(Scraped caption text data)

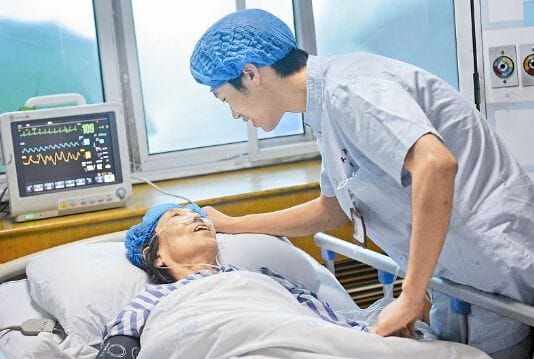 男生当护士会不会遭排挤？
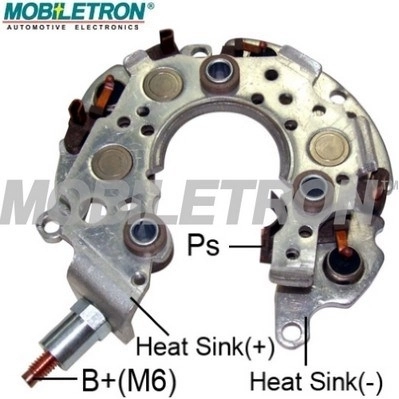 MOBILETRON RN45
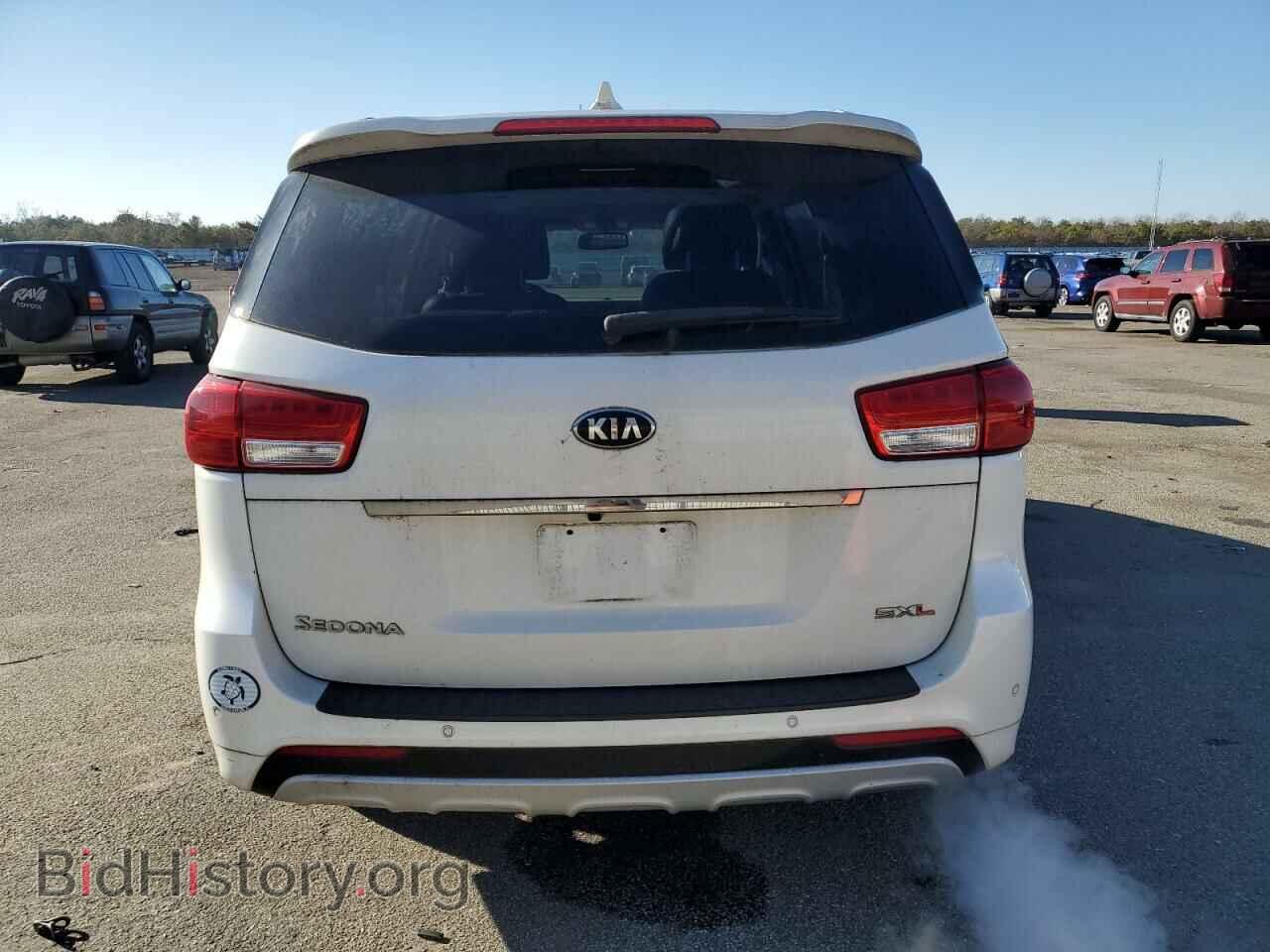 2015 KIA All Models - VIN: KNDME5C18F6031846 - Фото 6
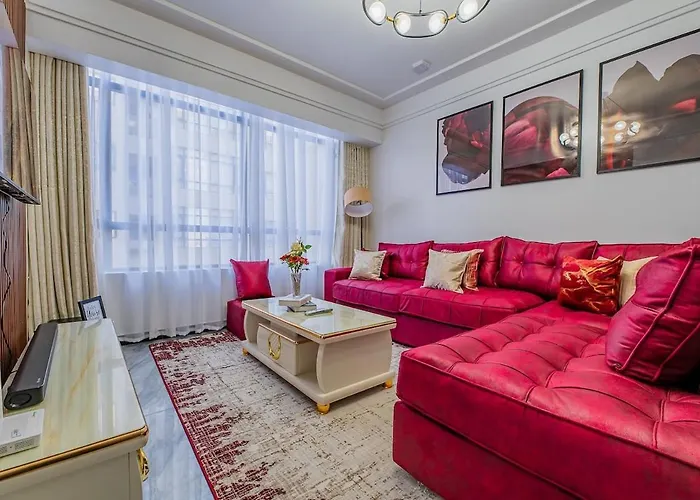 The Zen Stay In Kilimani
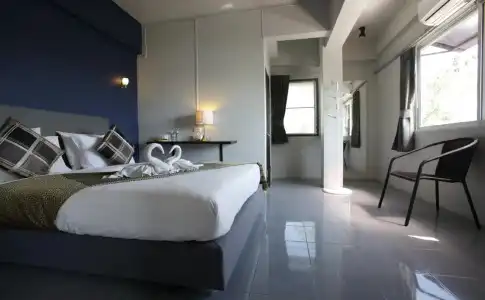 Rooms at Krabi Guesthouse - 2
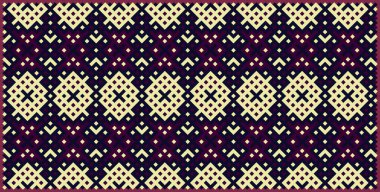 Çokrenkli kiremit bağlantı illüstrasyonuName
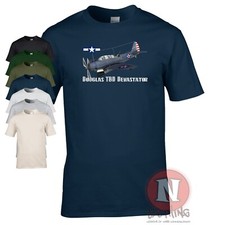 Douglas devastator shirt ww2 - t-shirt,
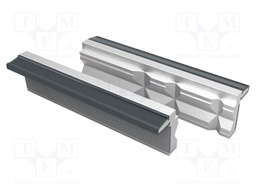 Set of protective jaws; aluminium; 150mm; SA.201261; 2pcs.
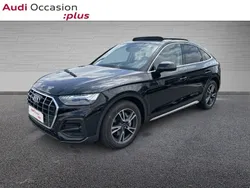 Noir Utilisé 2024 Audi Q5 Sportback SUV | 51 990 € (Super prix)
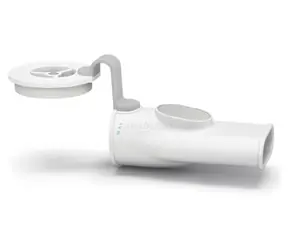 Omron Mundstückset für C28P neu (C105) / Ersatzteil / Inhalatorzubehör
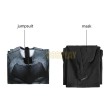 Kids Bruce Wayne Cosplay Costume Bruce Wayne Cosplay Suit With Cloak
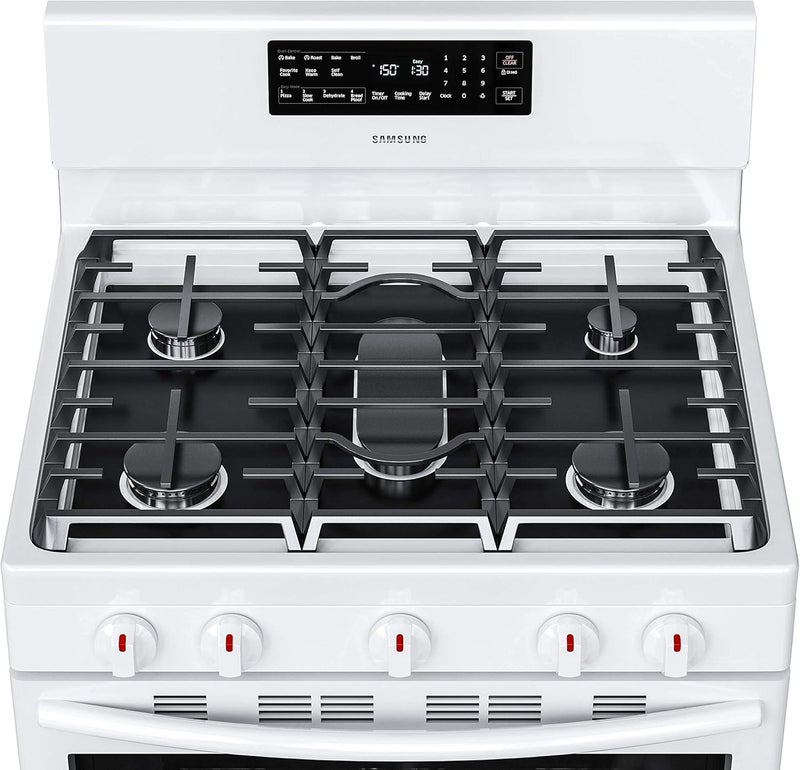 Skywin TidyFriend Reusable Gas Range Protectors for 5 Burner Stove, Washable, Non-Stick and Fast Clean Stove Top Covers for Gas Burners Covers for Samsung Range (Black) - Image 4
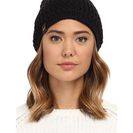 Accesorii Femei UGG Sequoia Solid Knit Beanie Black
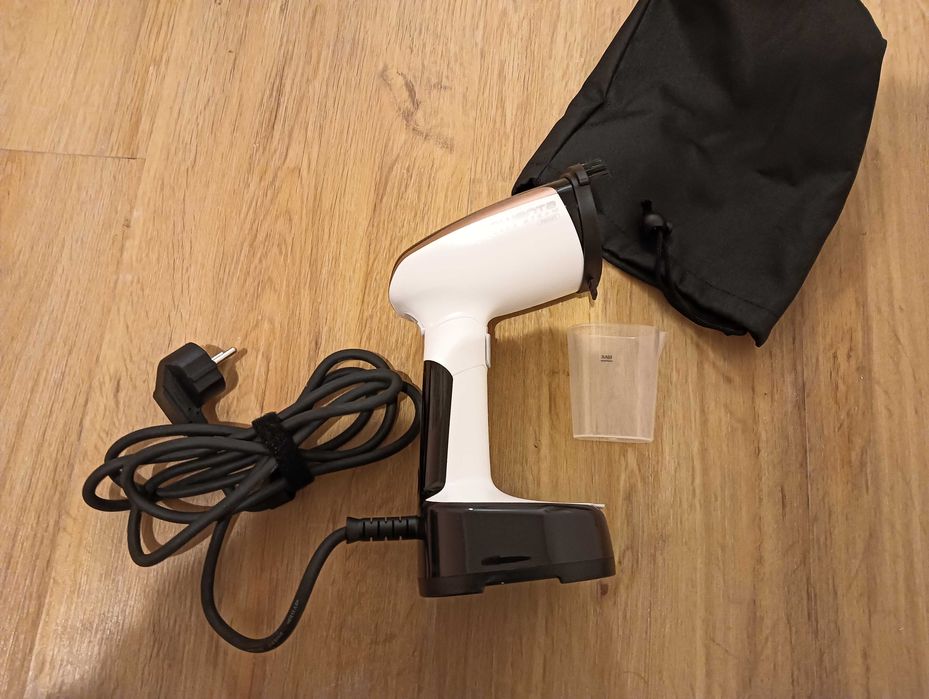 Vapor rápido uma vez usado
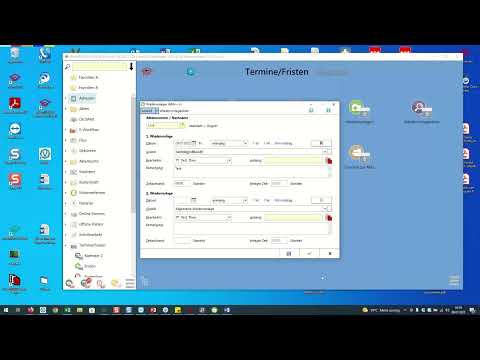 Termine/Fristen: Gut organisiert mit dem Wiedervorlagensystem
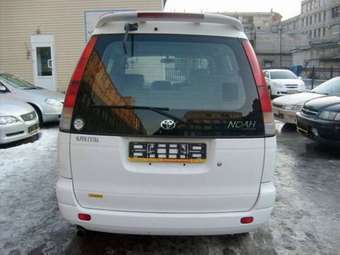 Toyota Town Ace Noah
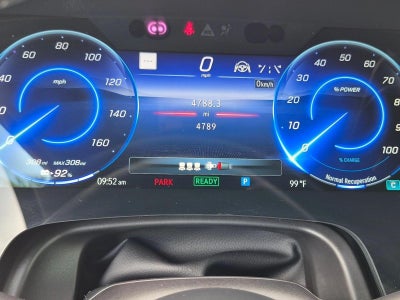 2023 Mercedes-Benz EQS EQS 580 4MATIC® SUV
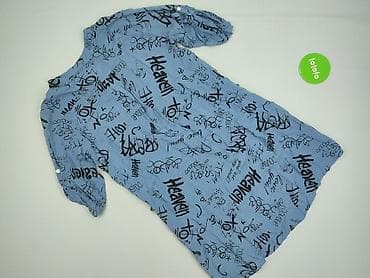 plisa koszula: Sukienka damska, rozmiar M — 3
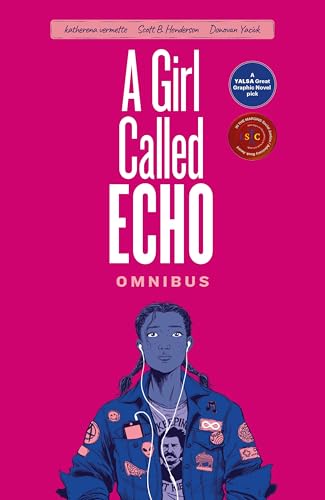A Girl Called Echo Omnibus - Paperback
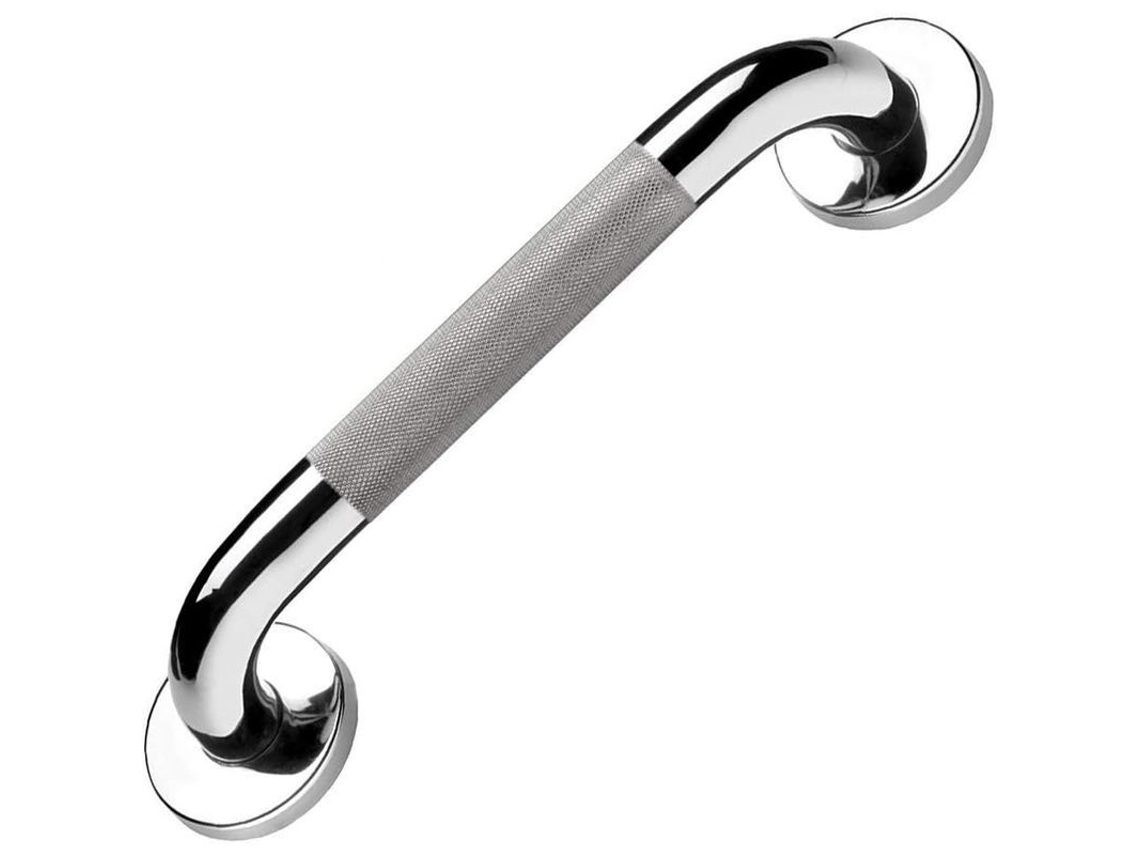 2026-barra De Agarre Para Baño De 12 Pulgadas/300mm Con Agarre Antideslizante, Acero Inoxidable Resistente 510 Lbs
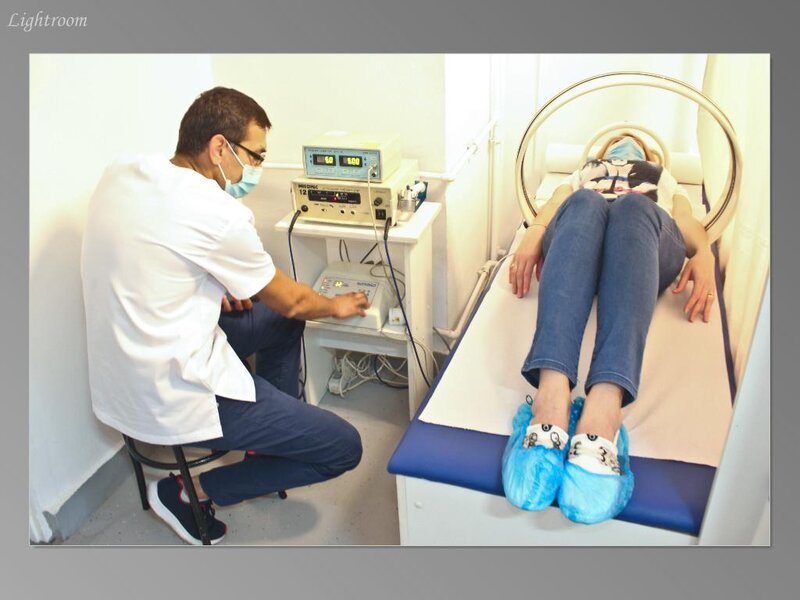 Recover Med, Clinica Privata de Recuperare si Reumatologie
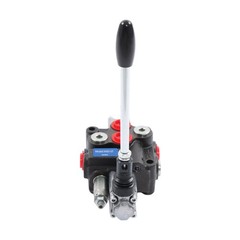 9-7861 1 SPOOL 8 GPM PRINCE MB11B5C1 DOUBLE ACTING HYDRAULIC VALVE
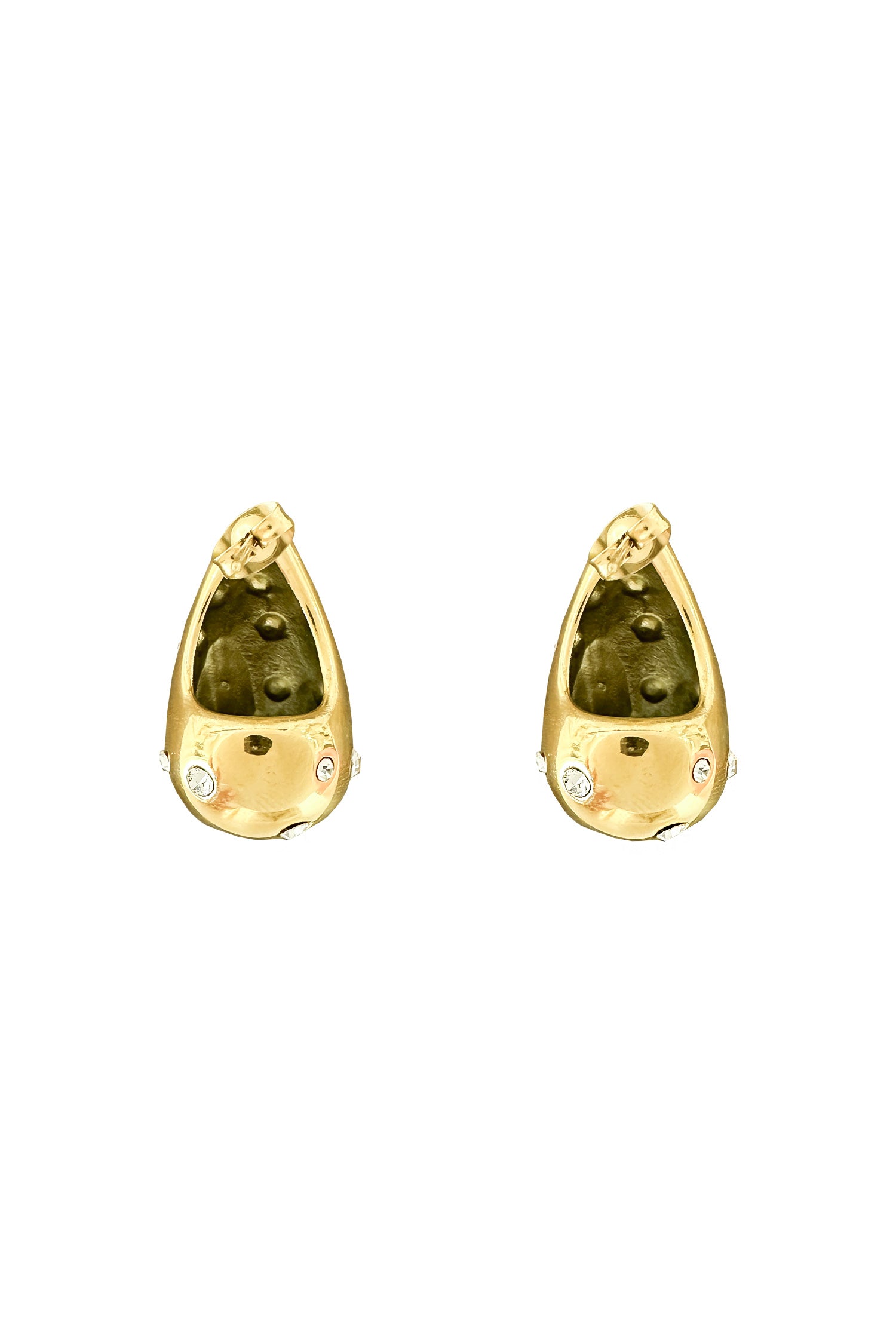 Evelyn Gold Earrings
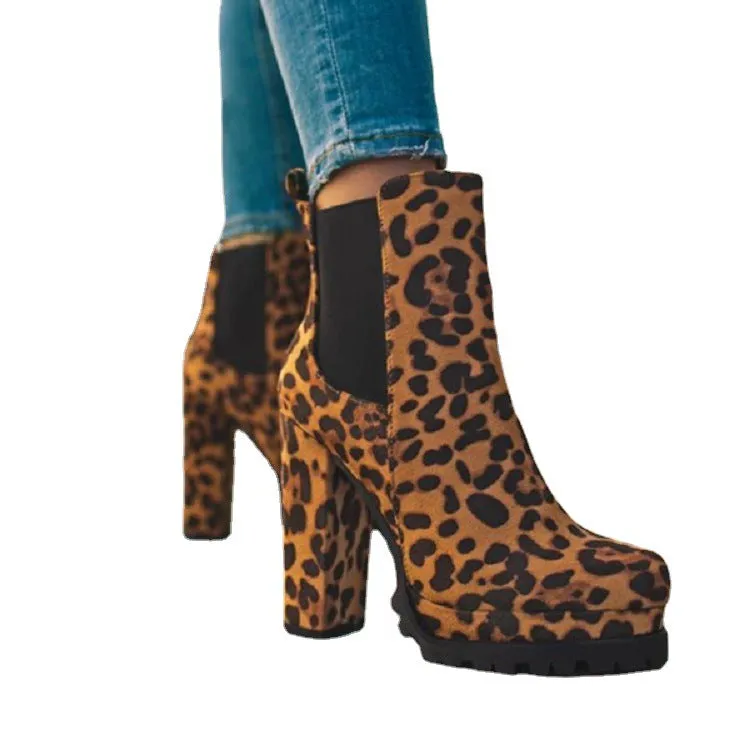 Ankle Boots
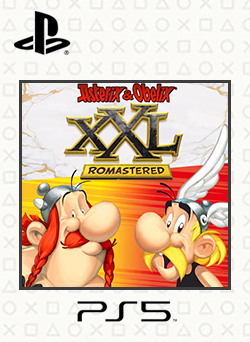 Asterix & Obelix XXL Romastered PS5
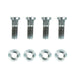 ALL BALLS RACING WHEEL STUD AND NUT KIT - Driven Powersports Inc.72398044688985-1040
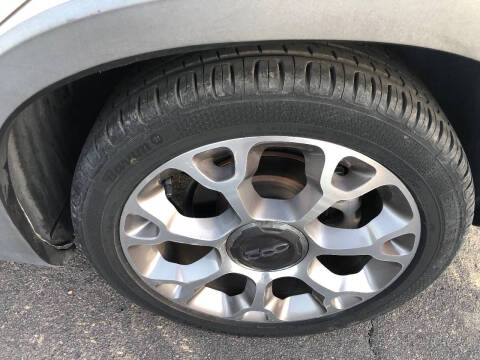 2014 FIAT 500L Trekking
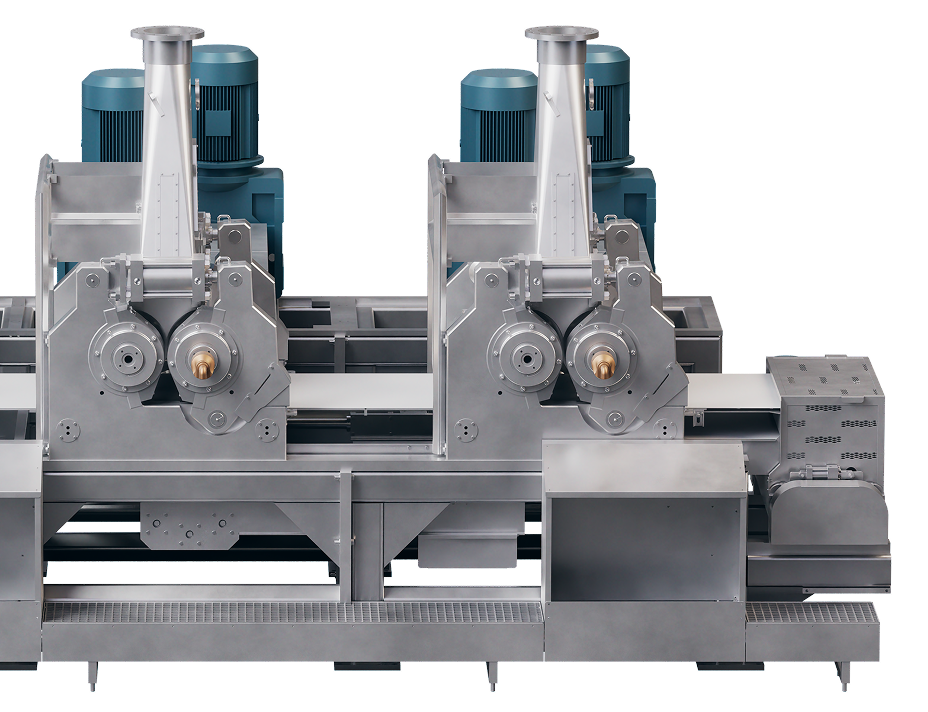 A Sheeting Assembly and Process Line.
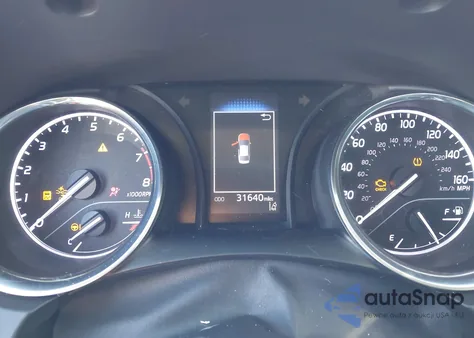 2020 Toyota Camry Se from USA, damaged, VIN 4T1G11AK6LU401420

» **WHAT TO WORK ON**
Copy out, exactly and without pictures, each line from the one containing "9-7861 1 SPOOL" through the final line of the entries, both ends included.

» **PROBLEM SOLUTION**
 9-7861 1 SPOOL 8 GPM PRINCE MB11B5C1 DOUBLE ACTING HYDRAULIC VALVE
 Evelyn Gold Earrings
 Ankle Boots
 Asterix & Obelix XXL Romastered PS5
 ALL BALLS RACING WHEEL STUD AND NUT KIT - Driven Powersports Inc.72398044688985-1040
 2014 FIAT 500L Trekking
 A Sheeting Assembly and Process Line.
 2020 Toyota Camry Se from USA, damaged, VIN 4T1G11AK6LU401420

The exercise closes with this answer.